Transcribe only the stretch of lines that opens with the line containing "Even Simpler Audio" and closes with the last line of the listing, skipping pictures.

Input data:
_ _ _ _

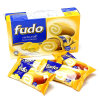 马来西亚进口福多Fudo 奶油味瑞士卷 108g/盒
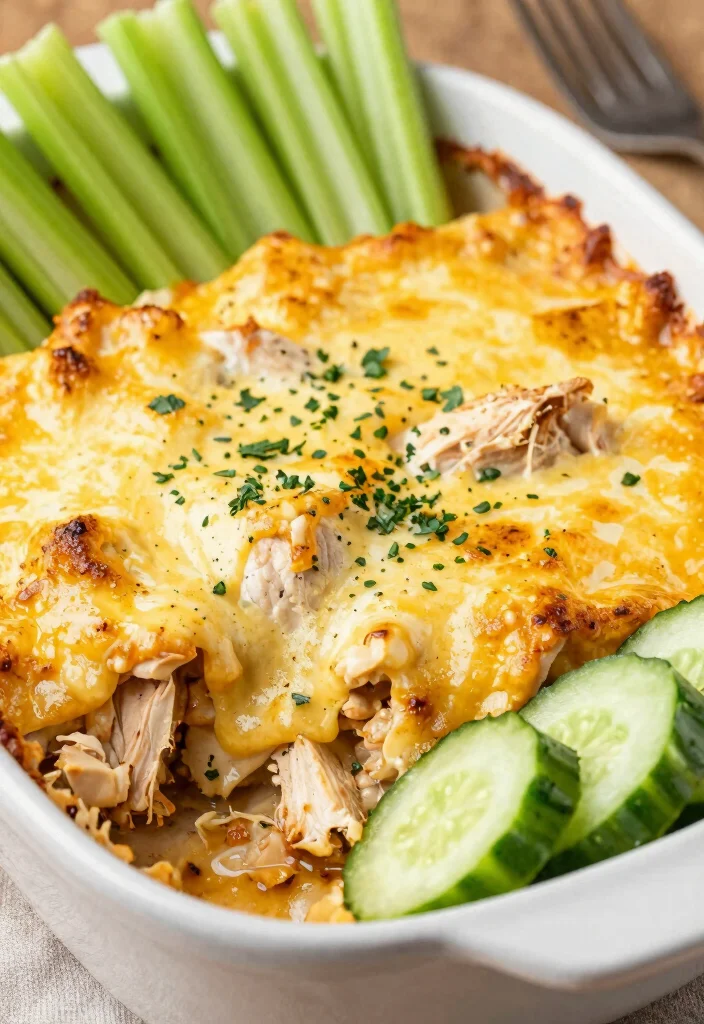 12 Keto Rotisserie Chicken Recipes for Fast Easy Low-Carb Meals - 8. Buffalo Chicken Dip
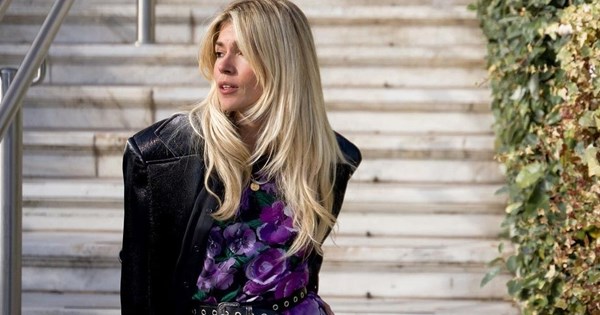 Η Βάσια Κωσταρά έκανε το ωραιότερο μανικιούρ της άνοιξης- τελεία και παύλα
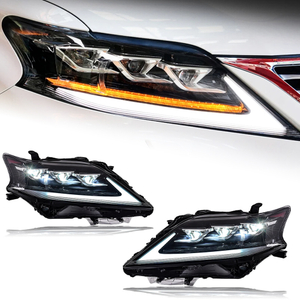 AKD Car Styling Head Lamp for Lexus RX270 Headlights 2009-2015 RX350 LED Headlight RX330 RX400 DRL Signal Projector Accessories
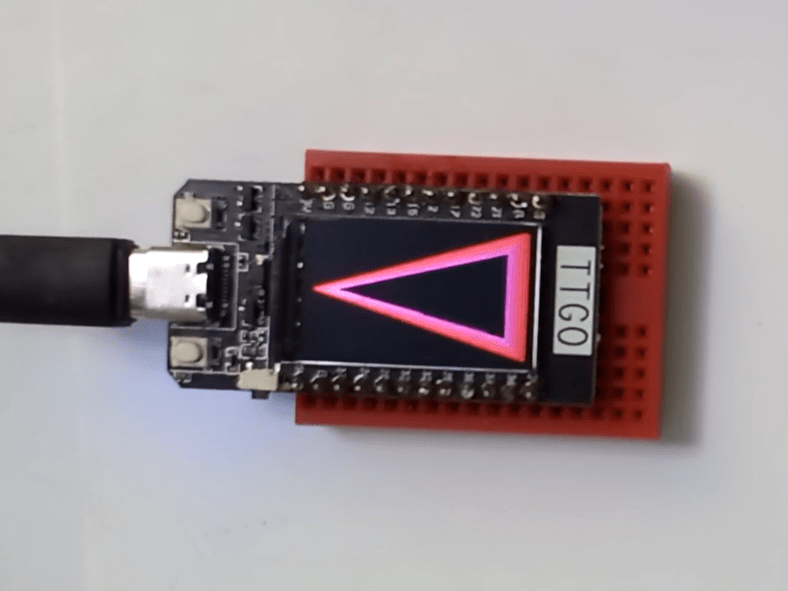 Even Simpler Audio Spectrum Analyser Project With Ttgo T Display Tft - Incredible Colorful Illustration - Ultra HD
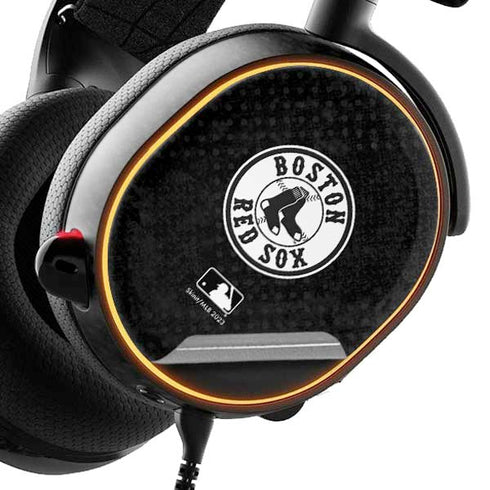 MLB Boston Red Sox Dark Wash SteelSeries Arctis 3 Skin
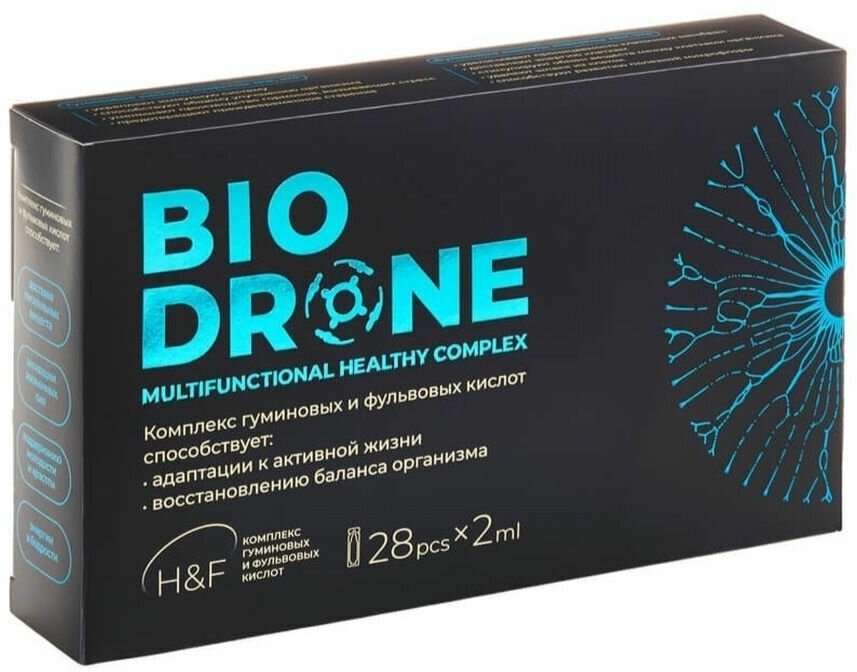 Гуминовый комплекс BioDrone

_ _ _ _

Solution below:
 Even Simpler Audio Spectrum Analyser Project With Ttgo T Display Tft - Incredible Colorful Illustration - Ultra HD
 MLB Boston Red Sox Dark Wash SteelSeries Arctis 3 Skin
 Гуминовый комплекс BioDrone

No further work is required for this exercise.